ASSIGNMENT
Scan the records beneath this line for the line holding "Used 2011 Subaru" and the line holding "BALENCIAGA(バレンシアガ) アーミー ロゴ ポリエステル ボディバッグ", then transcribe exactly those two and all lines between.

DATA TO PROCESS
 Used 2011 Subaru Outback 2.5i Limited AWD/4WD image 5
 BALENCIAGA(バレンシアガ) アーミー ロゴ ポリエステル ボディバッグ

* * *

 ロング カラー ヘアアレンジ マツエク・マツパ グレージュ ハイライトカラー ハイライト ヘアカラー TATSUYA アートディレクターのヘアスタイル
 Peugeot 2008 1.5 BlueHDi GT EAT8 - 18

EXERCISE ANSWER
 Used 2011 Subaru Outback 2.5i Limited AWD/4WD image 5
 BALENCIAGA(バレンシアガ) アーミー ロゴ ポリエステル ボディバッグ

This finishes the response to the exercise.